Her work is part of a larger Australia Research Council (ARC) project headed by Dr Isakhan looking at the relationship between heritage destruction and violence in Iraq since 2003.
The project is expected to generate new understandings of the complex inter-relationship that exists between the destruction of cultural heritage and sharp upsurges in terror and violence.
Ms Siebrandt was brought into work in Iraq during the Iraq war to assist in establishing dialogue between US government personnel and Iraqi heritage experts. Issues such as widespread looting and damage to Iraqi heritage sites was foremost on the list of needed 'fixes."
"There were huge mistakes made on many levels, but mostly they were made because of lack of communication between the US military, the State Department, the Americans in Iraq and the Iraqis," she said.
Ms Siebrandt updated the training the troops received but also worked with Iraqi conservators, the Iraqi Ministry of Culture and State Board of Antiquities and Heritage, the US military and State Departments as well as UNESCO and universities to establish a conservation centre to train Iraqi museum professionals.
She also helped procure State Department funding for the World Monuments Fund to develop a sustainable management plan for the site of ancient Babylon.
Ms Siebrandt also joined U.S. military experts and Iraqi archaeologists to document ongoing threats to the Assyrian imperial capital of Ashur and accompanied many American and other foreign archaeologists on surveys to document the looting of Iraqi sites.

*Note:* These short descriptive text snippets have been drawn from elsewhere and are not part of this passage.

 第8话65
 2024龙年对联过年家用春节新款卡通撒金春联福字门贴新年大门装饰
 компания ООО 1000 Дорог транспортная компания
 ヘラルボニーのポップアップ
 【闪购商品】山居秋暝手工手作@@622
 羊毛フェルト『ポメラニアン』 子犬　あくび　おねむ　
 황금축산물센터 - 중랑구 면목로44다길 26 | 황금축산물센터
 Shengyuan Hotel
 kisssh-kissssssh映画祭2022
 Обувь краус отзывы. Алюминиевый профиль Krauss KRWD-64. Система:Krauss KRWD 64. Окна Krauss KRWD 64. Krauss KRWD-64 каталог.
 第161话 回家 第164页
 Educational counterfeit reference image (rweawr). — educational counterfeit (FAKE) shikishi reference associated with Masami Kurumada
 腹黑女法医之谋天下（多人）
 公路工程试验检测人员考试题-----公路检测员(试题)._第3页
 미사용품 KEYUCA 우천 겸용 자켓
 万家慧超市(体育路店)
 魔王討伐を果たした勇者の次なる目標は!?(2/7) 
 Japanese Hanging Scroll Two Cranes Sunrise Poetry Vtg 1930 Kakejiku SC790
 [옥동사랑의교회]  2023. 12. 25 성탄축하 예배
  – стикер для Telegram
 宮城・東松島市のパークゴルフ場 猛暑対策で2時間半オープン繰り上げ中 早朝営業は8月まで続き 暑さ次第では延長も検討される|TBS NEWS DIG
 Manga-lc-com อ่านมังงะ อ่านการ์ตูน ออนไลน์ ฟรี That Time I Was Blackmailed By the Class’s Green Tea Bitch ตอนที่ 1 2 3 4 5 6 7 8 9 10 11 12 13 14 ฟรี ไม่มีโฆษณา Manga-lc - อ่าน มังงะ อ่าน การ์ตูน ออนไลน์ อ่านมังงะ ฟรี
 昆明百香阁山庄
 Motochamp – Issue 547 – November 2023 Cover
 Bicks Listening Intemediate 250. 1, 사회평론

"I have always loved Iraq and its role in the birth of civilisations fascinates me," she said,
"Being able to walk in the footsteps of where great kings once ruled and where the wheel, astronomy and the written law code were all invented is exhilarating to say the least.
"Iraq's unique and important history, everything their ancients gave us to form modern western civilization, is well worth saving.
"Every culture is proud of their own heritage, the Iraqis are no difference, and ultimately, we all share their history."
Ms Siebrandt said her time embedded with the US troops was an incredible experience
"If you can protect heritage sites you can save lives," she said.
"We were working in an area in the southern part of Baghdad, where the museum and curator's premises had been looted.
"I started working with the military to protect the site and the curator was thrilled to be able to come back, he saw the military there as keeping the site safe.
"The only reason I stopped doing it was because the US withdrew its troops from Iraq and we handed the reins back to the Iraqis.
"I am hoping that one day I can get back to the region and continue working to help people in conflict and post conflict zones."
Dr Isakhan said The Monuments Men came at an interesting time, particularly given that conflict in much of the Middle East has seen heritage sites destroyed on an industrial scale.
"The Monuments Men is the story about a group of men during World War II who were concerned about the plight of monuments, cultural property and heritage objects and their efforts to protect it from damage as well as massive theft and smuggling," Dr Isakhan said.
"They set up The Monuments Men and lobbied their governments on behalf of cultural property.
"The fact that these guys would take this on and make a name for themselves by being determined to protect it, means we have paintings in the Louvre and other galleries and many historic buildings still stand in Europe.
"If the film makes us feel a need to protect museums, libraries and other archaeological sites which are important not just historically but also to the people who live there then that is a good thing."
Dr Isakhan said he realised the enormity of what he was asking.
"I realise how significant this is and how incredibly difficult it is for the military in a conflict and post conflict zone when you have got bullets flying around and people demanding water, food and safety," he said.
"It is difficult to put cultural heritage at the centre of what you do and start protecting stones rather than detonating mortars.
"The early findings from our research show that the failure to protect cultural heritage does in fact cost lives.
"When you fail to protect heritage sites it antagonises the local people who see the protection of the sites as your responsibility and they quickly become offside.
"They pick up guns and start shooting back and it exacerbates the conflict."